Task to carry out> Set down only these lines, exactly: the line containing "de l'histoire La" and all lines through the end of the data below. Omit pictures.

Available data>
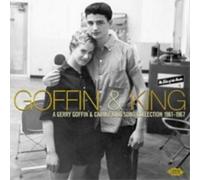 Various Artists A Gerry Goffin and Carole King Song Collection 1961 - 1967 (CD)
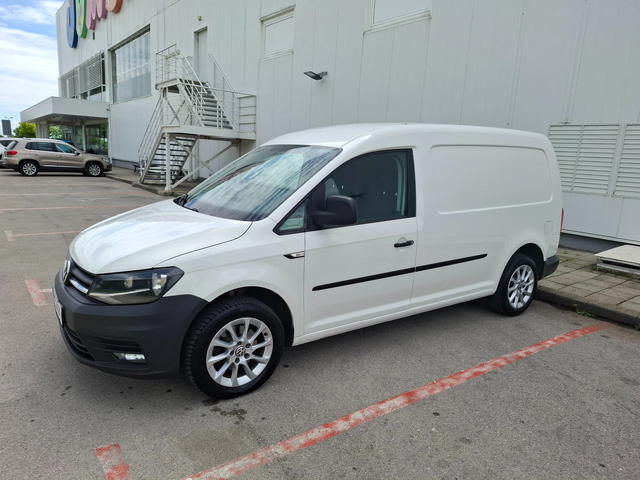 VW Caddy 2.0tdi Face Lift MAXI - автомобили, коли, обяви за нови и употребявани 2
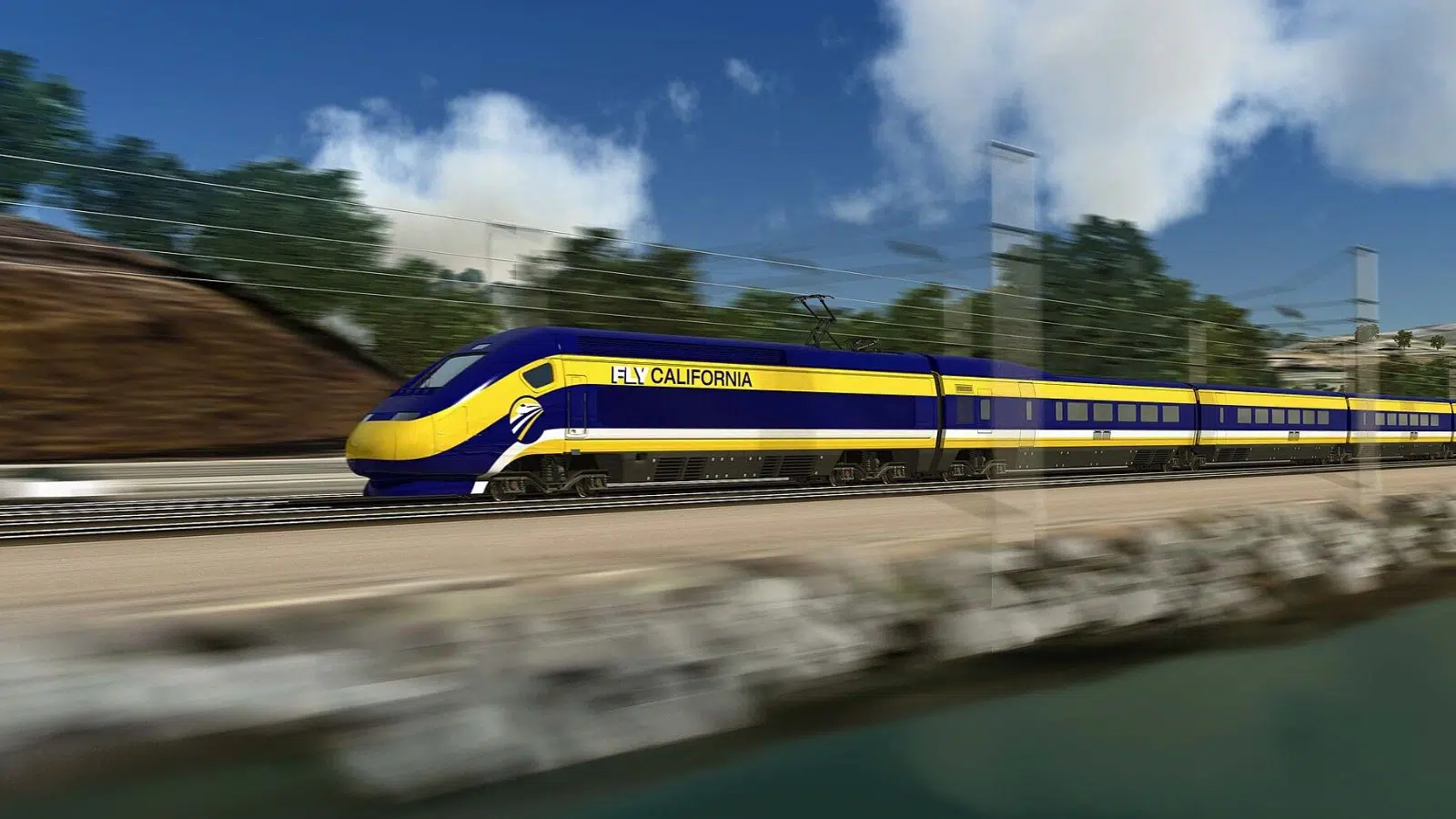 La France avait pourtant prévenu les Américains des risques mais ils n'ont pas écouté et le California High-Speed Rail est devenu le plus grand fiasco de l'histoire La France avait pourtant prévenu les Américains des risques mais ils n'ont pas écouté et le California High-Speed Rail est devenu le plus grand fiasco de l'histoire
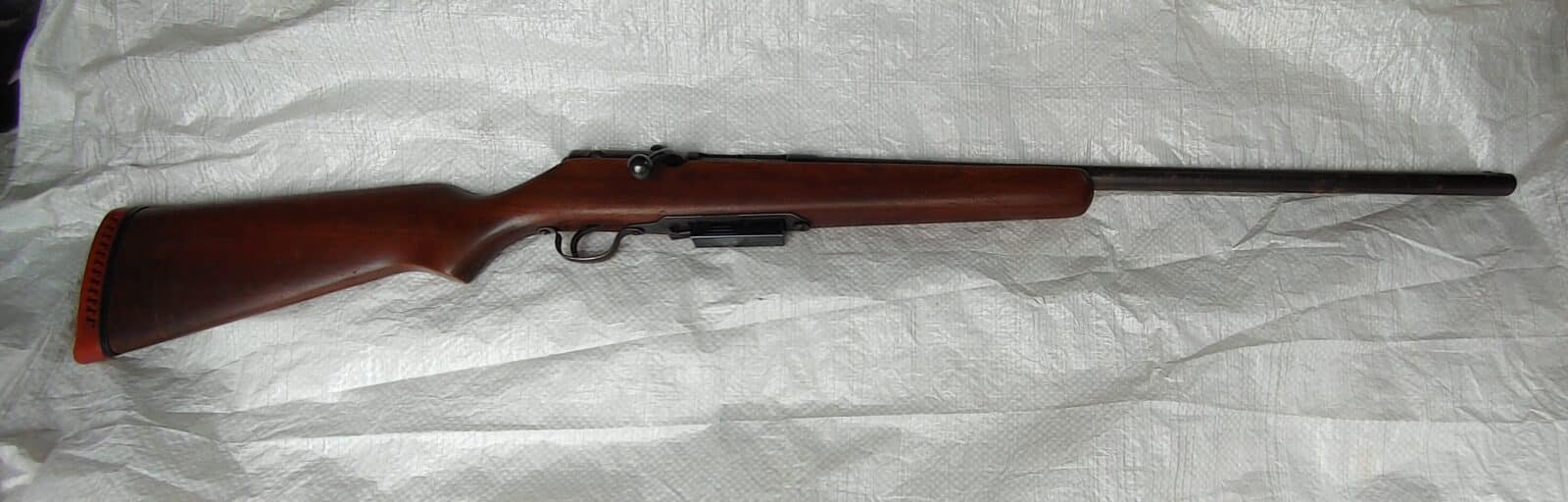 Fusil de chasse de marque Stevens Cal 12 (canon 30”)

Exercise solution>
 La France avait pourtant prévenu les Américains des risques mais ils n'ont pas écouté et le California High-Speed Rail est devenu le plus grand fiasco de l'histoire La France avait pourtant prévenu les Américains des risques mais ils n'ont pas écouté et le California High-Speed Rail est devenu le plus grand fiasco de l'histoire
 Fusil de chasse de marque Stevens Cal 12 (canon 30”)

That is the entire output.